Deranged, delirious and debilitated in Ethiopia
Date- May 2, 2019
Written by George Balarezo, Intrepid Global Citizen
Enough tears poured down my face to put an end to the infamous Ethiopian droughts of the 1980’s. Why? I wasn’t sad, moved or angry. Was I delirious? I sobbed uncontrollably in the stark night. It all came to a pinnacle at that moment. Ethiopia had me in a submission hold and refused to let me out of her grips after I tapped out. She stared at me emotionless as her razor-like nails dug deep into my scalp, unphased by the blood pouring down my forehead. She gouged my eyes with her thumb until my pupil resembled the fiery red sunset fading over the Great Rift Barrier. I begged for mercy and she wouldn’t stop, pounding on the floor and yelling with all my might until my throat became a desert-dry tube, more inflamed than a three pack-a-day chain smoker.
My forehead and body were the same temperature as a hyena in the summer heat, yet I was shivering in my sleeping bag. My mind interrogated itself with more ferocity than even the most cold hearted CIA agent. Handcuffs. Bloody shovels. Callused hands gripping the side of a mountain for dear life. Bloodshot eyes stared right through me as my body continued to quiver in panic.
“What was happening to me?” I thought. Falling victim to this dreaded disease was a nightmare that made Freddy Krueger look like an angel. I didn’t even get a chance to say goodbye to my friends and family. My family! The pain and sorrow they would feel without me would be unbearable. I was at a loss about what to do and let the sickness run its course.
Mosquito bites outlined the perimeter of my stomach like a red dotted belt. “How on earth did they bite me through two layers of clothes?” I thought. Every night I layered up to keep warm in the cool mountain air, yet somehow they penetrated through the layers of cotton to feast on my blood. It must have been the coffee. I quickly became a coffee addict during my first weeks in Ethiopia and perhaps the mosquitoes were also caffeine fiends. Ethiopian mosquitoes must be much more intelligent than all insects I have encountered in Asia or The Americas.

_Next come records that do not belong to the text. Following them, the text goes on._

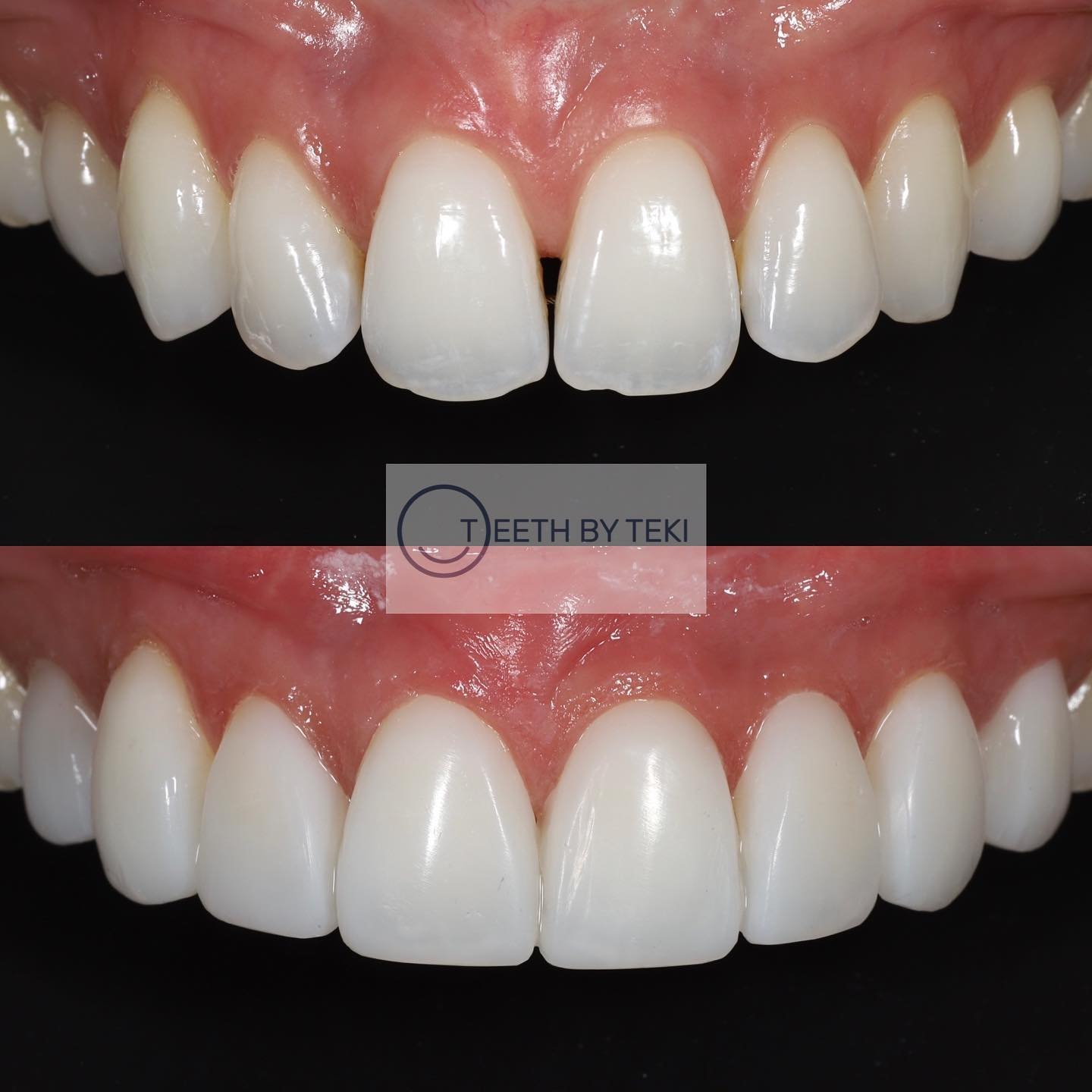 No one is perfect. Just try to be better 💙
.
.
Composite bonding on 8 teeth
.
.
Prices and more info on website
.
.
To book please email book@teethbyteki.com
.
.
#teethbyteki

Was this the devil possessing me from the inside? Just days ago pure curiosity and a chance encounter led me to a temple where Ethiopians from all over the country went to heal themselves from incurable diseases, psychological trauma and drug addiction. I sat alongside murderers, peasants and seekers during ceremonies that started at 3:30 in the morning. According to the priests and monks, the devil overtook the wrongdoers and they needed to be purified by bathing in holy water, reciting bible verses and bowing in front of the cross hundreds of times per day. I didn’t know what to make of the whole thing but the place had an energy unlike any other I visited before.
It was my last night in Ethiopia, the land that pushed me to my limits more than any other. The moon shined brightly in the distant sky and lit up the yard where I laid restless in my tent. Full moons have strange effects on people and perhaps it was making me lose control of my emotions. Maybe cycling in the sun all day along 3000 meter high roads did the trick. I hoped this was a symptom of altitude sickness that would be cured by rest and hydration.
All the gulps of water had me walking to a campsite bathroom that reeked of piss. There was no running water at night, leaving an accumulation of urine from the other travelers in the toilet basin. This was a clean bathroom compared to all others I relieved myself in over the past month. At least there was a toilet that I was able to flush during daylight hours. Up until now, I had been defecating in holes in the ground with used toilet paper scattered all over the ground.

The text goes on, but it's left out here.